(Records from a data collection)
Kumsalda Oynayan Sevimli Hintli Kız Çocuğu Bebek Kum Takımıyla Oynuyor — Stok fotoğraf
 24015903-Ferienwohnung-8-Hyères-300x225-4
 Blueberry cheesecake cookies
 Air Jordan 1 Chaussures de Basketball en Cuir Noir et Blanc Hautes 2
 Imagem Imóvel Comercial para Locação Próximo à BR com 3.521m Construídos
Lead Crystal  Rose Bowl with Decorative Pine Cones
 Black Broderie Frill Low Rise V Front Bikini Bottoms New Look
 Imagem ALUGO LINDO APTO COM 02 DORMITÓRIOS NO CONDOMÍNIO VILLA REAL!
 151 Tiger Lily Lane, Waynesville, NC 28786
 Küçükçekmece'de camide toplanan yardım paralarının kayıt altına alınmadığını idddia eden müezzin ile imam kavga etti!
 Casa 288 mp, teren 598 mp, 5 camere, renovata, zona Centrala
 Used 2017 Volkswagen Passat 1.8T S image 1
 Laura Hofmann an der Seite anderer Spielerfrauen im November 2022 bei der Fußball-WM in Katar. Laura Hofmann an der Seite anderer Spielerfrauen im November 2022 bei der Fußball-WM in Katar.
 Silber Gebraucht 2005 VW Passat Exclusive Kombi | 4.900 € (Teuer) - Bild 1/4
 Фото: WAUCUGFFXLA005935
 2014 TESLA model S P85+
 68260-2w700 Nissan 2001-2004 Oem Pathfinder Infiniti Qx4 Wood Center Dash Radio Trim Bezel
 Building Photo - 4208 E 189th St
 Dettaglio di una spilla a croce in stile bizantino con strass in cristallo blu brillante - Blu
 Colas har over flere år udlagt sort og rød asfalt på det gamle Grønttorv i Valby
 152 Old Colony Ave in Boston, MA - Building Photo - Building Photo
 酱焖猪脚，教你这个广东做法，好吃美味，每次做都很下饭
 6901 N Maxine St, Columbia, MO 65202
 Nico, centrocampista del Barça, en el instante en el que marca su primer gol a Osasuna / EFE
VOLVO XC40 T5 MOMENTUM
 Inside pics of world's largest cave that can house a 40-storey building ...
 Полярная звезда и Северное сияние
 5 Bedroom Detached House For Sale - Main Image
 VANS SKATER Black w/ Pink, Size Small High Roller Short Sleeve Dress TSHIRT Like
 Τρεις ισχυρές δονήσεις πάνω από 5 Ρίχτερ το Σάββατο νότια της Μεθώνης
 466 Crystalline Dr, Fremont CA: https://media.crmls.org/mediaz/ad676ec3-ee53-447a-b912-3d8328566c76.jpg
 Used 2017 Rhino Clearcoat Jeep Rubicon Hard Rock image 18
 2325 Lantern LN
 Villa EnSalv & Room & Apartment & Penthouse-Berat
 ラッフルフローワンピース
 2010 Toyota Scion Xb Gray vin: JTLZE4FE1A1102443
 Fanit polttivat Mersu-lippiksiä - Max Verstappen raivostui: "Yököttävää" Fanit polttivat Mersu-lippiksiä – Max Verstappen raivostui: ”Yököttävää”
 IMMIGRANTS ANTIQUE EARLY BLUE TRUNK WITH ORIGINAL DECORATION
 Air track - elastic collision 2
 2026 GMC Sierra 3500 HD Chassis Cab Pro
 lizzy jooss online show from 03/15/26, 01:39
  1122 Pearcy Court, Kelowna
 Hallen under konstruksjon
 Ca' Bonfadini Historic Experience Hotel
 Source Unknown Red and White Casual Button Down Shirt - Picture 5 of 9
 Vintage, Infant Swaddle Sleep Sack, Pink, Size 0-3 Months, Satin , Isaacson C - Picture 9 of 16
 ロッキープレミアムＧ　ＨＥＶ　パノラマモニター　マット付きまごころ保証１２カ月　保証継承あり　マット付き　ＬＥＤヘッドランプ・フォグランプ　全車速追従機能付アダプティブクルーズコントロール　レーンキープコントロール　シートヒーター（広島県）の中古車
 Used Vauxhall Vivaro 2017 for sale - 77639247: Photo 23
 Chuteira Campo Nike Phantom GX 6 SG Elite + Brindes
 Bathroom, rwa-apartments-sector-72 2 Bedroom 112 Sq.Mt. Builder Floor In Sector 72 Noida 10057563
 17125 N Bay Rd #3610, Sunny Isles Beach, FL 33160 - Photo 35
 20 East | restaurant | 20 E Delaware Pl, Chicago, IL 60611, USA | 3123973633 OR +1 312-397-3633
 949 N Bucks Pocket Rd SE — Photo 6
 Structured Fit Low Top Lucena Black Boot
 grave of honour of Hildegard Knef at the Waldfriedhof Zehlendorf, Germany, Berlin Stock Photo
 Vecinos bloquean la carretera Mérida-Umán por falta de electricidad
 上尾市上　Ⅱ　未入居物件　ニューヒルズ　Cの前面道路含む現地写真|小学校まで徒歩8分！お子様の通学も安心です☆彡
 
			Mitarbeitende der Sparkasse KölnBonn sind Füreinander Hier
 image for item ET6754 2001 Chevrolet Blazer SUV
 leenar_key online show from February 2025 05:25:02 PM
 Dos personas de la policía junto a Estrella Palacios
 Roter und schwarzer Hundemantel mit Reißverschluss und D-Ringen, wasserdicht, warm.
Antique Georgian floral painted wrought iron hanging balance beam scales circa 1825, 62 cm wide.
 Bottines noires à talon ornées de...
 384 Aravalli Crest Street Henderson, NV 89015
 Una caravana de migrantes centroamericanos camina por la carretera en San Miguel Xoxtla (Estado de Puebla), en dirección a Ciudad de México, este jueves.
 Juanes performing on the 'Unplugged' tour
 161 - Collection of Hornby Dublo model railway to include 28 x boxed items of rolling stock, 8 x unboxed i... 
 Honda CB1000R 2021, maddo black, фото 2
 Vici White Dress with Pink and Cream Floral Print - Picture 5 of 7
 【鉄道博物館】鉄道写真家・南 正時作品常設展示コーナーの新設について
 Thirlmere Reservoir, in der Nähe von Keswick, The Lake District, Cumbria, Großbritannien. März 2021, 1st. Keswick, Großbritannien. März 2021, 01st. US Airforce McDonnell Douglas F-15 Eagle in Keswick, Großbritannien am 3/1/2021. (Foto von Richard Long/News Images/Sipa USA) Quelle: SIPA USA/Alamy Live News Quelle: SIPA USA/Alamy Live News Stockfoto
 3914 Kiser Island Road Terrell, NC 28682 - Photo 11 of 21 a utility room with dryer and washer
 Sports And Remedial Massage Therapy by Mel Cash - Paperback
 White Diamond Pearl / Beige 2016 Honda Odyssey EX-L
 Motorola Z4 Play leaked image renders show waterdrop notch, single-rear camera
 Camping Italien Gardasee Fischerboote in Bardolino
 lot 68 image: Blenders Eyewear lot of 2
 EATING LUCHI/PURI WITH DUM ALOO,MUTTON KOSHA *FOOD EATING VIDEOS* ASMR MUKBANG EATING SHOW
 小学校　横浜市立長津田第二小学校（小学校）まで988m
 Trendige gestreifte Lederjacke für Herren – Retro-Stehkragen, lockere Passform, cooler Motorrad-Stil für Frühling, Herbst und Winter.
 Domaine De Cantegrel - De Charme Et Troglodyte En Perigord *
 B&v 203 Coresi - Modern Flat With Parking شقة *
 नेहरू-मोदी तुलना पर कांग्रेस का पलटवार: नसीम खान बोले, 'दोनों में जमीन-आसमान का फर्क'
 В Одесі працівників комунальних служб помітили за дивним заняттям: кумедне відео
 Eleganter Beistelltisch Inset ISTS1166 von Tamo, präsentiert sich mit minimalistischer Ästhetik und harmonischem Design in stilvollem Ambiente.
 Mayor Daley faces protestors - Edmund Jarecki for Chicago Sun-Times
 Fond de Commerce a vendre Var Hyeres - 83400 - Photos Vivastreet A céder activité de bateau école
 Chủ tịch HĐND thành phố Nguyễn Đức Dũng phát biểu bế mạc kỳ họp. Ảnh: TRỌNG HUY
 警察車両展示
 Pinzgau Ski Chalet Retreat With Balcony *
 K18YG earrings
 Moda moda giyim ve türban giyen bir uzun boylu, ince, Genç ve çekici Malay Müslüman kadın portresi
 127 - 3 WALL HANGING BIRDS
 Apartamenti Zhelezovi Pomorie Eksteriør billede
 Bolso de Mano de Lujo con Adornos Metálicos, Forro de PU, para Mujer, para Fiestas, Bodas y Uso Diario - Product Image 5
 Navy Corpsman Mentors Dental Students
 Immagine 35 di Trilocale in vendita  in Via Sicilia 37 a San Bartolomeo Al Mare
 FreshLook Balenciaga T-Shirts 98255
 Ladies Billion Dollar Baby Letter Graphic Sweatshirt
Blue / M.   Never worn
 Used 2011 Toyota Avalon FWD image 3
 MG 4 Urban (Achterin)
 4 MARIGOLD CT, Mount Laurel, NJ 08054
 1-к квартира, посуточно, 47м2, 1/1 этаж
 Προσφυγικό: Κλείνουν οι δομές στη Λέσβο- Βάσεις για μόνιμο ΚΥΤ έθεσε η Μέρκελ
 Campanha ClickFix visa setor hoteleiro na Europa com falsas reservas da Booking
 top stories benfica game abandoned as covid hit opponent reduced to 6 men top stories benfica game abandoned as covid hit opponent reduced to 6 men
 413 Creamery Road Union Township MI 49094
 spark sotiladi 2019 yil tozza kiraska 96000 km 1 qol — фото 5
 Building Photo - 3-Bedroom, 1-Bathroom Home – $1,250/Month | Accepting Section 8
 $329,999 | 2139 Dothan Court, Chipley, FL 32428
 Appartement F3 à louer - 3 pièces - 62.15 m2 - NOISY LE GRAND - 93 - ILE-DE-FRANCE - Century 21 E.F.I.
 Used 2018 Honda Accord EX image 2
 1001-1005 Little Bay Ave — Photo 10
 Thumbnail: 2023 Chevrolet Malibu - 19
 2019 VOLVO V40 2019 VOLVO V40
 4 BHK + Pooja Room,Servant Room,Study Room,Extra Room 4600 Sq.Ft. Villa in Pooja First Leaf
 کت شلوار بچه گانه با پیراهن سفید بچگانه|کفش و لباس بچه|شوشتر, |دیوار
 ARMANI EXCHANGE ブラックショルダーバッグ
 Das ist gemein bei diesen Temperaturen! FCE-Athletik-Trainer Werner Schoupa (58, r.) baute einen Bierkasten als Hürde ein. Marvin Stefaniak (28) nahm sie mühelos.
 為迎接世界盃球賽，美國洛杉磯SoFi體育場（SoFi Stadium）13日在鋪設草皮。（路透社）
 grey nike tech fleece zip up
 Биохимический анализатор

(Exercise directions)
Write out the lines above exactly, but only from the one containing "Appartement F3 à" through the last one.

(Result of this exercise)
 Appartement F3 à louer - 3 pièces - 62.15 m2 - NOISY LE GRAND - 93 - ILE-DE-FRANCE - Century 21 E.F.I.
 Used 2018 Honda Accord EX image 2
 1001-1005 Little Bay Ave — Photo 10
 Thumbnail: 2023 Chevrolet Malibu - 19
 2019 VOLVO V40 2019 VOLVO V40
 4 BHK + Pooja Room,Servant Room,Study Room,Extra Room 4600 Sq.Ft. Villa in Pooja First Leaf
 کت شلوار بچه گانه با پیراهن سفید بچگانه|کفش و لباس بچه|شوشتر, |دیوار
 ARMANI EXCHANGE ブラックショルダーバッグ
 Das ist gemein bei diesen Temperaturen! FCE-Athletik-Trainer Werner Schoupa (58, r.) baute einen Bierkasten als Hürde ein. Marvin Stefaniak (28) nahm sie mühelos.
 為迎接世界盃球賽，美國洛杉磯SoFi體育場（SoFi Stadium）13日在鋪設草皮。（路透社）
 grey nike tech fleece zip up
 Биохимический анализатор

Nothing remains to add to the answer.